Esta historia de hoy es un poco triste, pero me quedó tan adentro, que tengo la necesidad de contarla a los cuatro vientos.
Había llegado a Muxía procedente de Dumbría y, cuando salí del albergue para dirigirme al Santuario de la Barca, al subir una pequeña cuesta empedrada, que lleva a la iglesia y al cementerio pegado a ella, di alcance a un matrimonio mayor que caminaban muy despacio, como teniendo miedo de llegar a su destino. Ella pequeña y él bastante alto y encorvado, y los dos mirando al suelo.

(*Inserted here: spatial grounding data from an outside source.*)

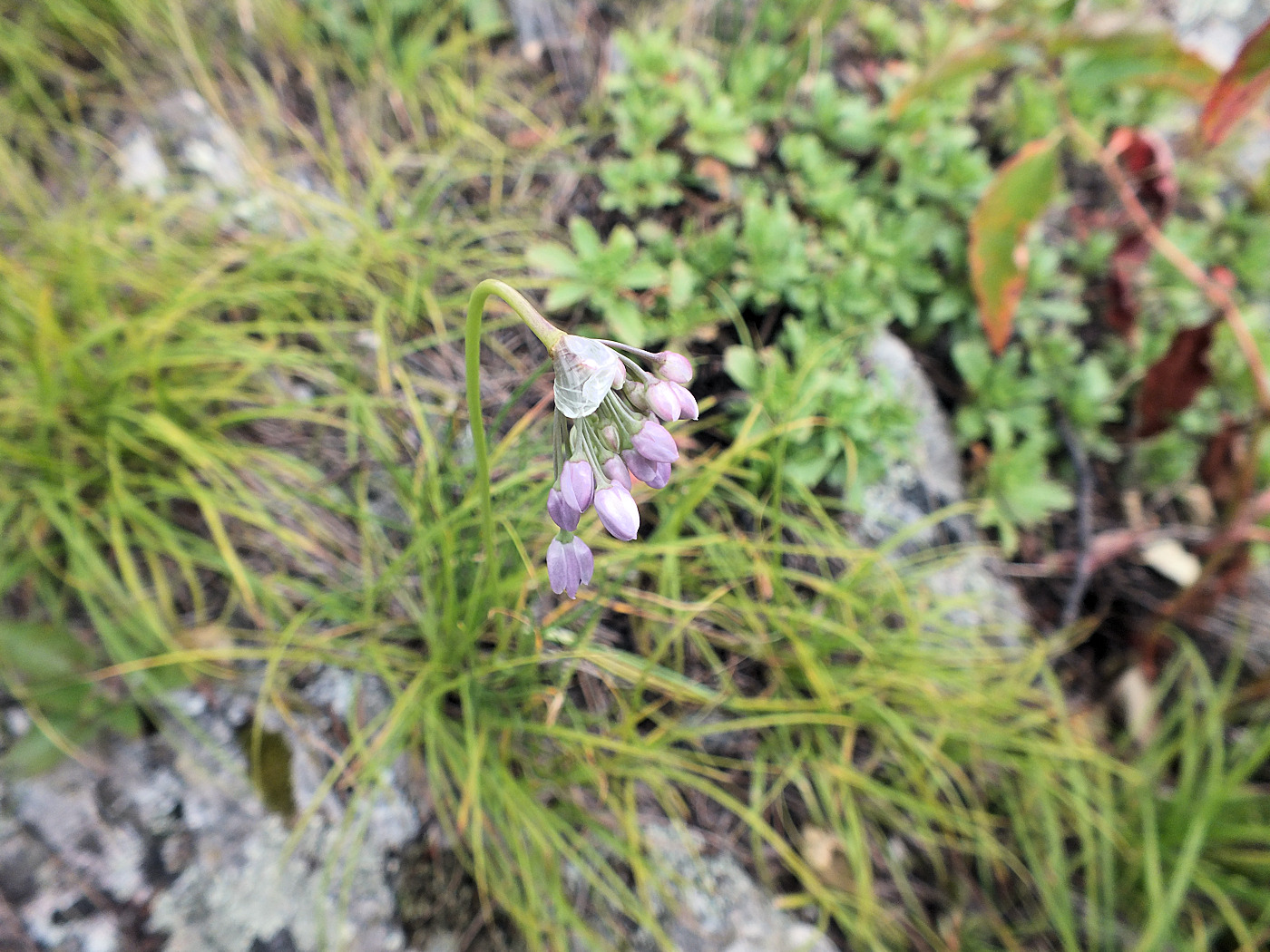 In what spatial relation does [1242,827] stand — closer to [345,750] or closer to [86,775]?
[345,750]

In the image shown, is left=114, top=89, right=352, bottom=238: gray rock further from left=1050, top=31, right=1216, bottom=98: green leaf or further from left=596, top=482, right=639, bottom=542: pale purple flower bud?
left=1050, top=31, right=1216, bottom=98: green leaf

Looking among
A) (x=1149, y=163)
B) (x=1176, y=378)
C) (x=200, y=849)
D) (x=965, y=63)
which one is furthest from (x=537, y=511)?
(x=1149, y=163)

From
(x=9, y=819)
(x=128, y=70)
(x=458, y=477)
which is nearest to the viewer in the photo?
(x=9, y=819)

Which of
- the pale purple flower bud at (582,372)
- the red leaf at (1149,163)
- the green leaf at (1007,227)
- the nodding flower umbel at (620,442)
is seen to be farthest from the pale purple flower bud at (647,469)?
the red leaf at (1149,163)

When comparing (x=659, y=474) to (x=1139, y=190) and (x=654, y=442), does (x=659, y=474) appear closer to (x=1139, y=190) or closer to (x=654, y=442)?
(x=654, y=442)

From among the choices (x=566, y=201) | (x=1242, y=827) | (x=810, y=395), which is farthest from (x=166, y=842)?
(x=1242, y=827)

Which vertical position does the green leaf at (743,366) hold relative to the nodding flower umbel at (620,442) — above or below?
below

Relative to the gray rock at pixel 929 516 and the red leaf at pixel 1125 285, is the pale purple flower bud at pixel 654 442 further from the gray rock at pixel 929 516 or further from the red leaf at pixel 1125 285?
the red leaf at pixel 1125 285

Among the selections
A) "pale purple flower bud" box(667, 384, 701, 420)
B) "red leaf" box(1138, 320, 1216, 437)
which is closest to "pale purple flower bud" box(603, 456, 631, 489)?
"pale purple flower bud" box(667, 384, 701, 420)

Nos saludamos y el señor comienza una conversación que me encogió el corazón.
Nosotros
vamos al cementerio a ver a un hijo que está allí. Los hijos no
deberían morir nunca antes que los padres. Tenía cuarenta y ocho años y
era un mozo como un castillo. Le entró eso en la cabeza y aunque se
operó particular nada se pudo hacer. Duró seis meses. Trabajaba en
mantenimiento en televisión en Madrid. Cuando le trajeron a enterrar
tardó ocho horas en llegar. Yo tengo ochenta y cuatro años y de verdad
que me cambiaba por él.
Me
enseña una fotografía de su hijo y yo no atino a decir nada.
Nos damos la mano y
yo sigo mientras ellos se quedan con su dolor y su hijo.